= Paul A. Grimm =

South-African born American painter

Paul A. Grimm (January 11, 1891 – December 30, 1974) was an artist born to German parents in South Africa. As a small child, he moved with his parents to the United States. He reportedly was seen as having artistic talent as a child and, as an adult, attended a university-level art school in New York. Between 1910 and 1920, he reportedly went to South America for a few years before returning to the United States and settling in Southern California.

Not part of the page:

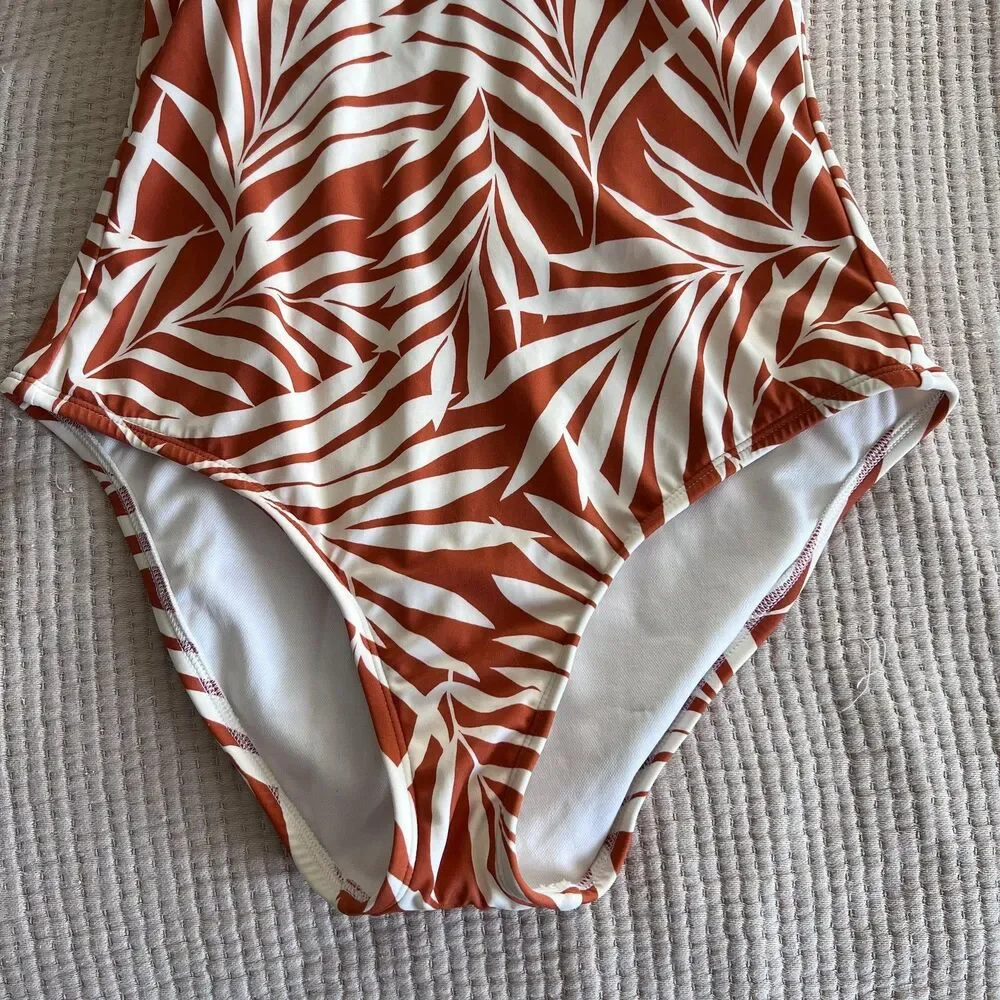Shade & Shore Swimsuit Womens Medium Rust White Palm Leaf One Piece Strappy Back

Grimm gained much of his present-day fame by painting landscapes of southern California in the 1920s. Many works depict alluvial fans and desert vegetation in the eastern half of Riverside County. The San Jacinto Mountains appear frequently in his work. Most of the works are oil on canvas. To a viewer untrained in art, his work looks similar to desert landscapes of Karl Albert (1911–2007). A residence on Calle Palo Fierro in the Warm Sands neighborhood of Palm Springs was built for Grimm in 1935. He had a studio on Palm Canyon Drive in Palm Springs from the 1950s until his death in 1974.

His work is held by the Palm Springs Art Museum, the Picerne Arizona Landmark Collection at the Desert Caballeros Western Museum in Wickenburg, Arizona, and the Irvine Museum Collection at the University of California, Irvine. Grimm's works have been part of numerous exhibitions at the Irvine.